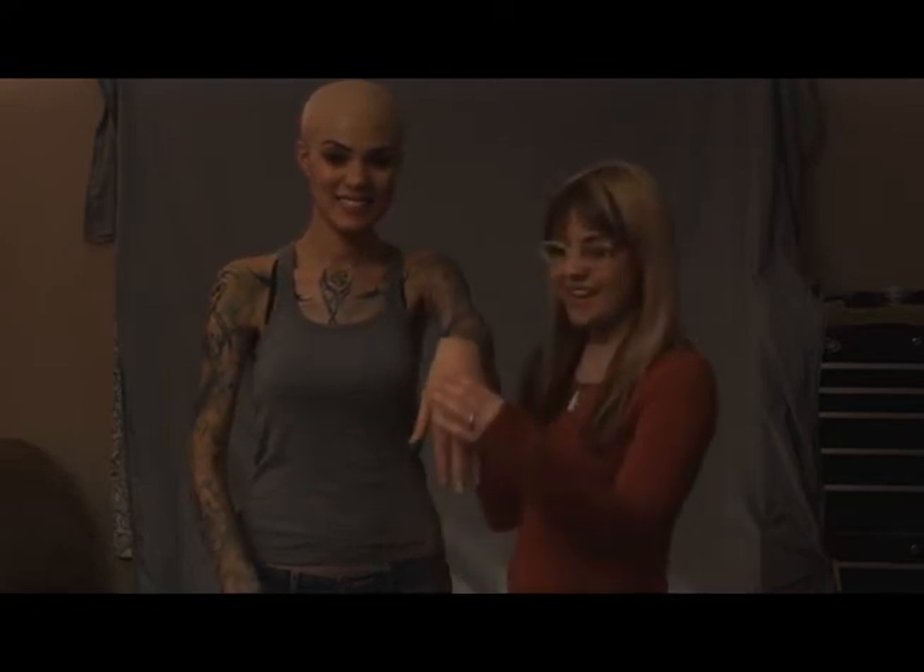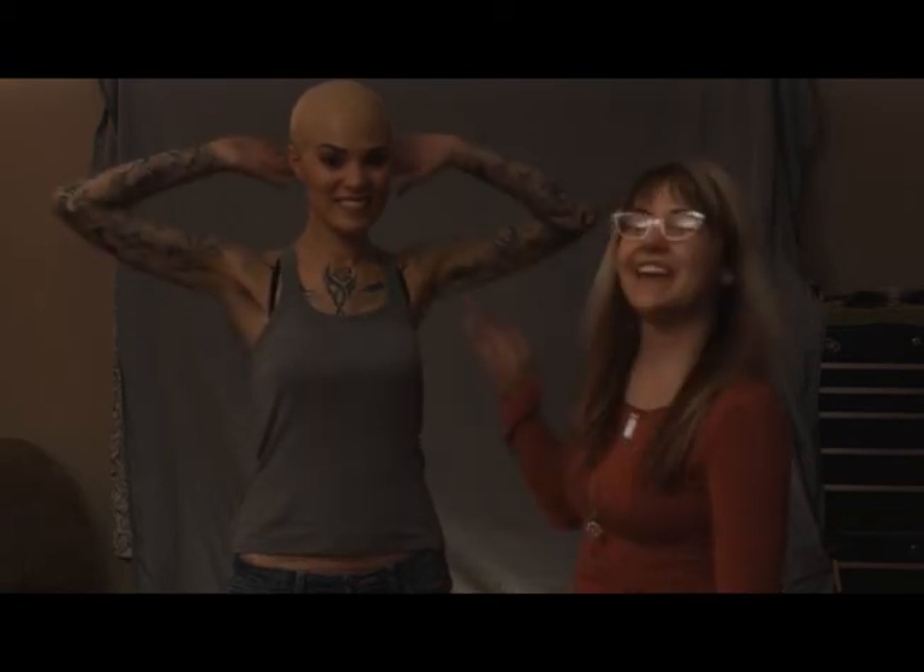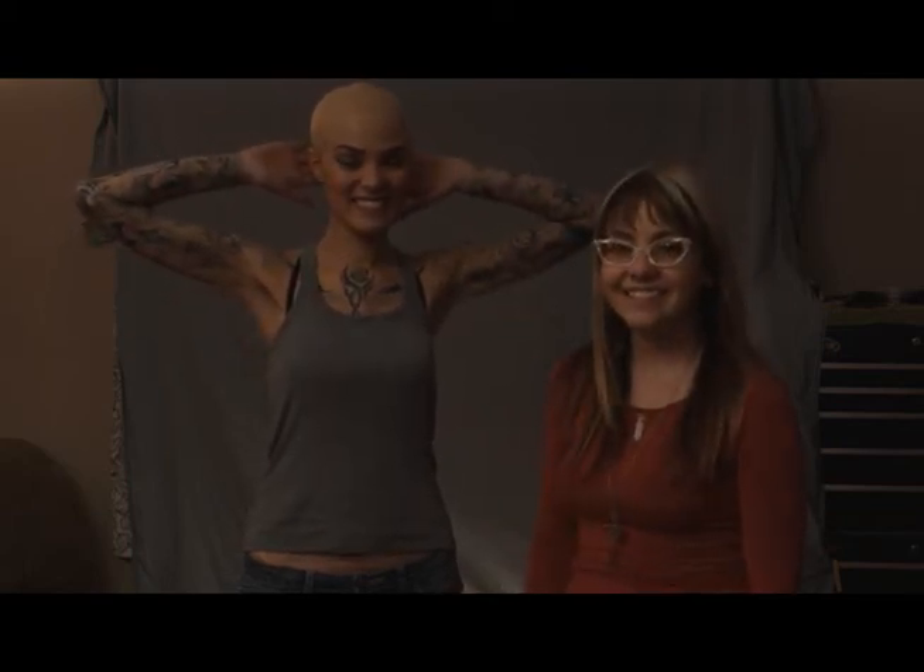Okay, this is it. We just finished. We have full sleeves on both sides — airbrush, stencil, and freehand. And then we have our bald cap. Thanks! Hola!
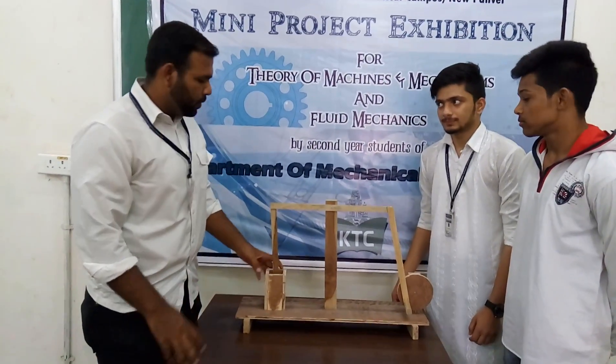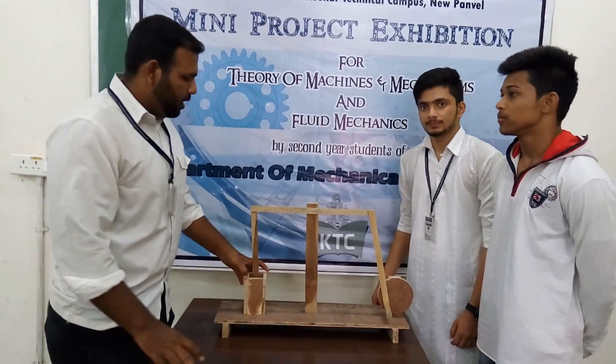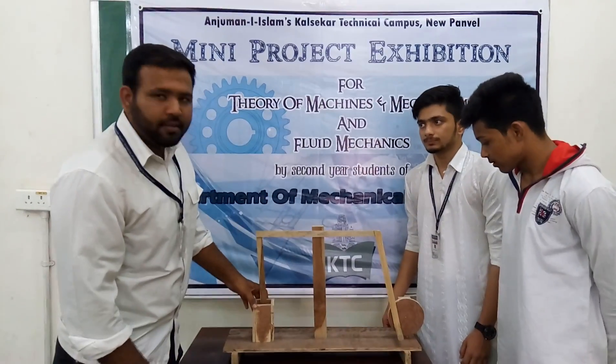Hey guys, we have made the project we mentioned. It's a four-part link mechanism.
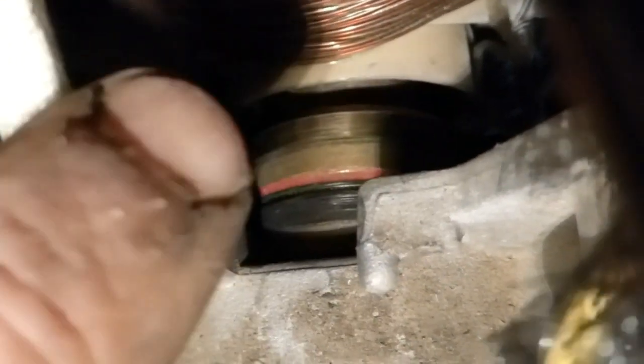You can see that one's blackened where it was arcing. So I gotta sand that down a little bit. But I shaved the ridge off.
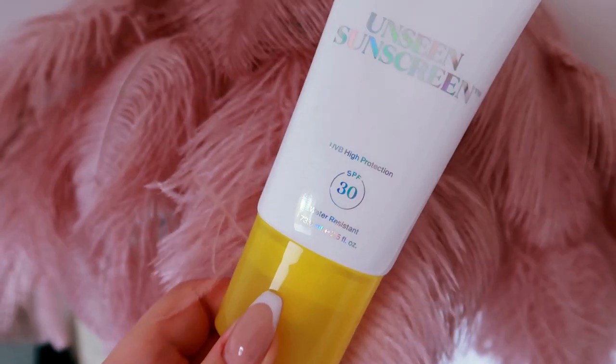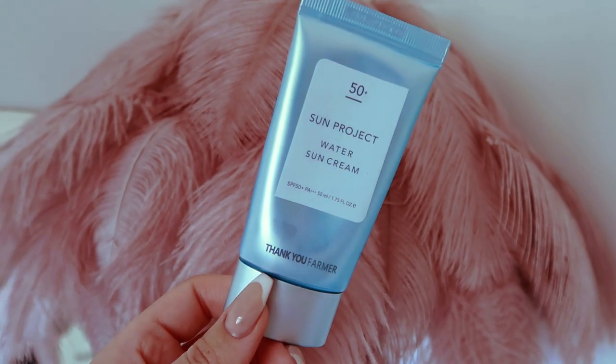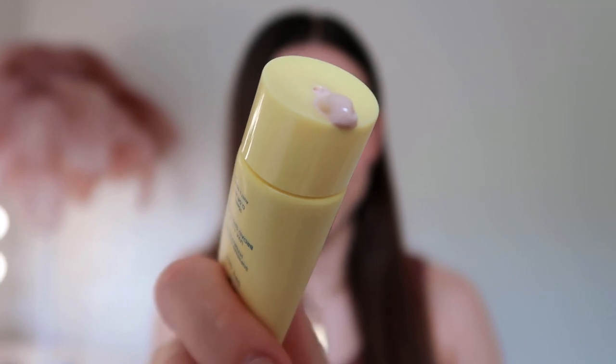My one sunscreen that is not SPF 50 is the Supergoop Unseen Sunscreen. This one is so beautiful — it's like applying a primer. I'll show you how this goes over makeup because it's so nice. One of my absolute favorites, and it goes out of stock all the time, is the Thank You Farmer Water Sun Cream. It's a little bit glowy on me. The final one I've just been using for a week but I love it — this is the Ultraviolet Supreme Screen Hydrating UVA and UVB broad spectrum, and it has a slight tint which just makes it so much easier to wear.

------------------------

» Work required
Working from the line containing "Hey guys, we" to the last line of the data, retype every line exactly, both ends included, and leave out all pictures.

» Result for this task
Hey guys, we have made the project we mentioned. It's a four-part link mechanism.
You can see that one's blackened where it was arcing. So I gotta sand that down a little bit. But I shaved the ridge off.
My one sunscreen that is not SPF 50 is the Supergoop Unseen Sunscreen. This one is so beautiful — it's like applying a primer. I'll show you how this goes over makeup because it's so nice. One of my absolute favorites, and it goes out of stock all the time, is the Thank You Farmer Water Sun Cream. It's a little bit glowy on me. The final one I've just been using for a week but I love it — this is the Ultraviolet Supreme Screen Hydrating UVA and UVB broad spectrum, and it has a slight tint which just makes it so much easier to wear.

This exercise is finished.